[Stored data]
☆ ☆ ☆ ☆ ☆

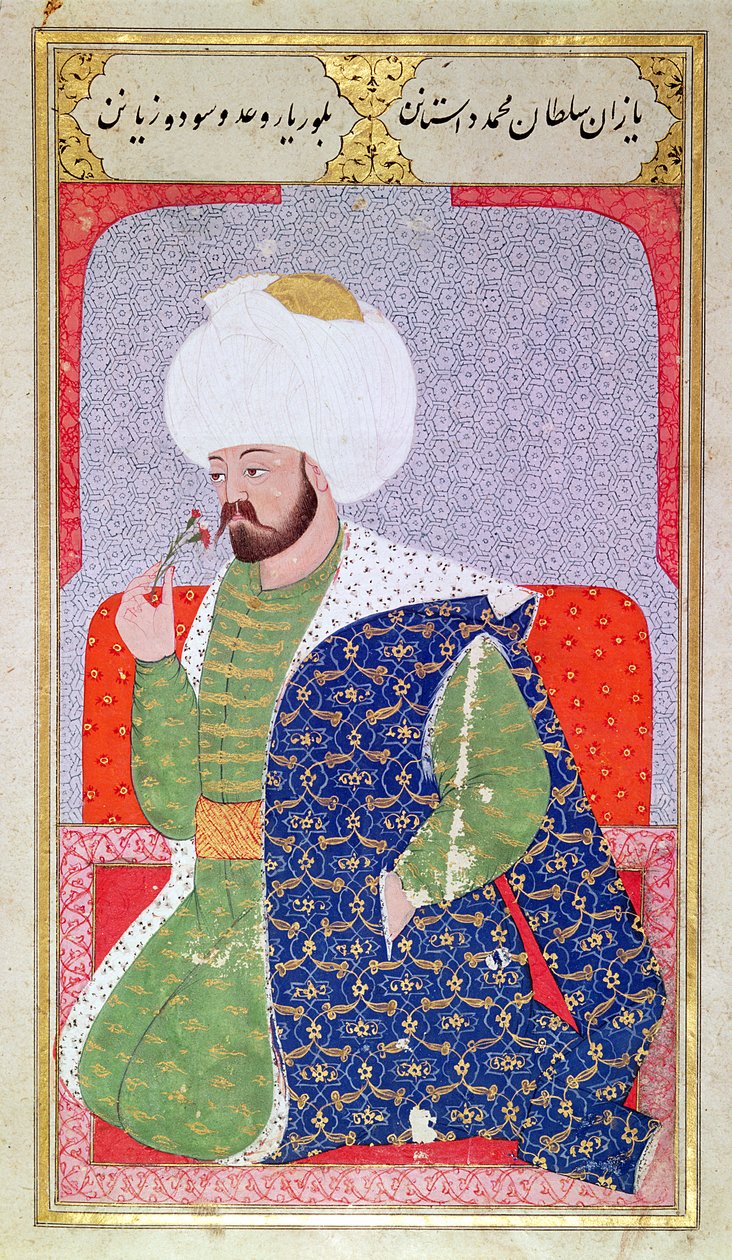 Pani Hazine.1563 Mehmed II (1432-1481), z „Semailname”, 1579 (atrament i złoty płatek na welinie) autorstwa Nakkaş Osman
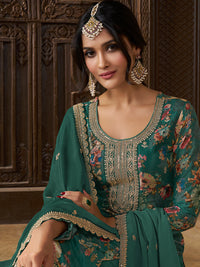 Green Chinon Floral Printed Top with Embroidery Kurta Suit Set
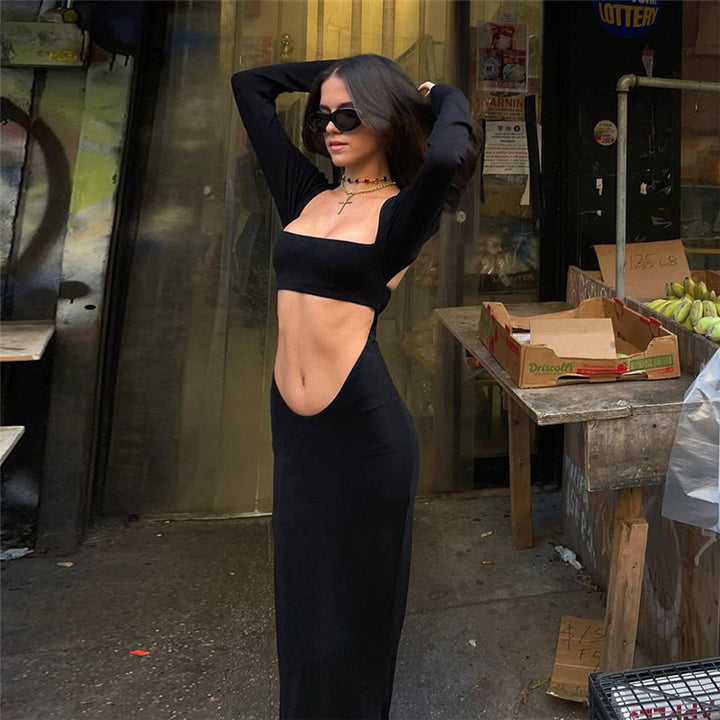 Damen Cut-Out Maxikleid mit langen Ärmeln und figurbetontem Schnitt Aliams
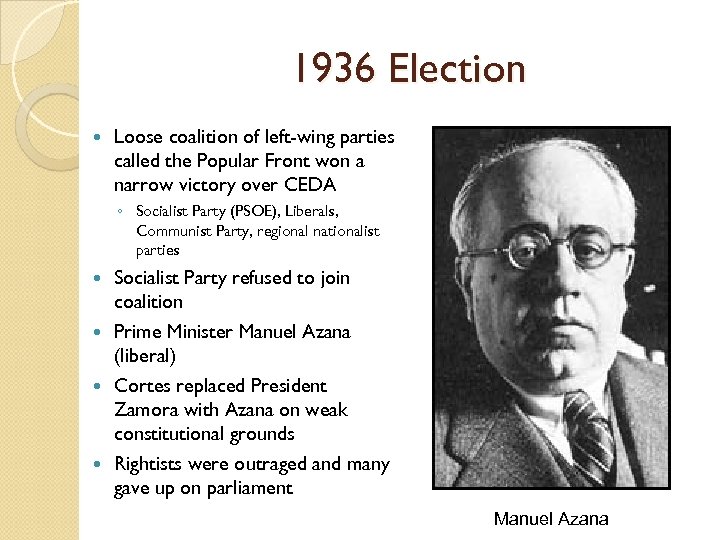 1936 Election Loose coalition of left-wing parties called the Popular Front won a narrow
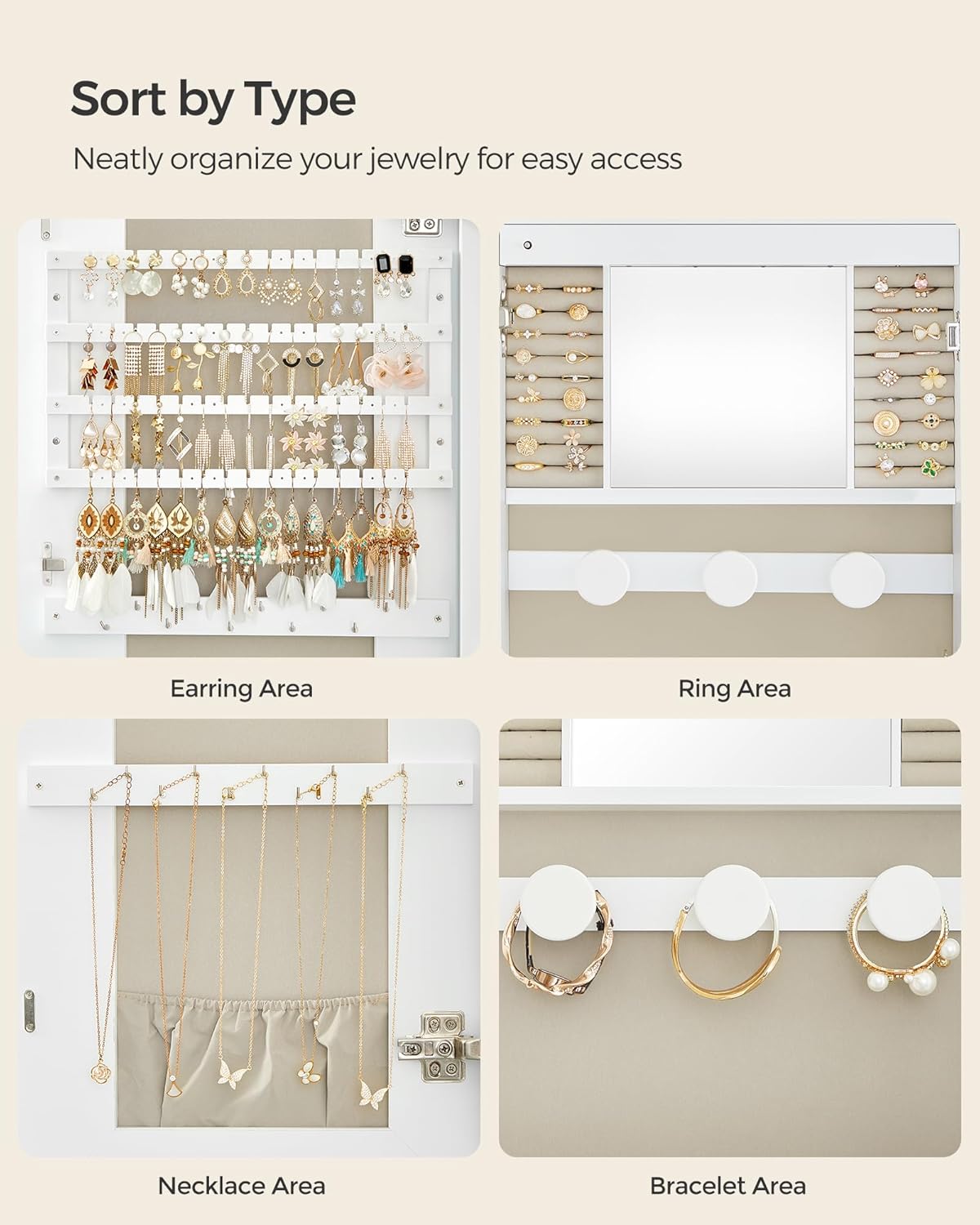3.9 x 16.5 x 42.5" LED Jewelry Cabinet Wall Door Mounted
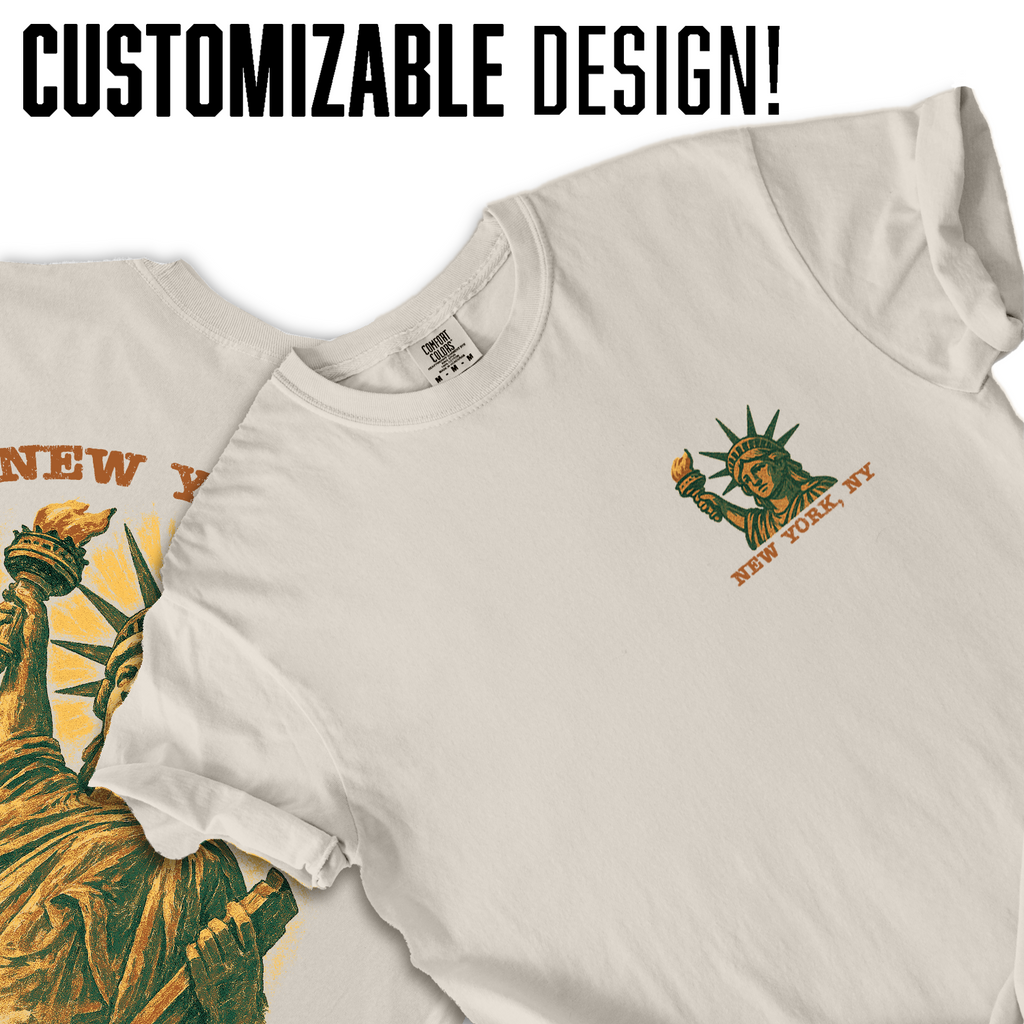 Vintage Statue of Liberty New York t-shirt with “Freedom Wears Patina” design, perfect souvenir or gift for travelers and patriots.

☆ ☆ ☆ ☆ ☆

• **TASK STATEMENT**
The line with "1936 Election Loose" and each line after it, through the final line of the data, are to be duplicated exactly, with pictures left out and nothing more included.

• **EXPECTED OUTPUT**
 1936 Election Loose coalition of left-wing parties called the Popular Front won a narrow
3.9 x 16.5 x 42.5" LED Jewelry Cabinet Wall Door Mounted
 Vintage Statue of Liberty New York t-shirt with “Freedom Wears Patina” design, perfect souvenir or gift for travelers and patriots.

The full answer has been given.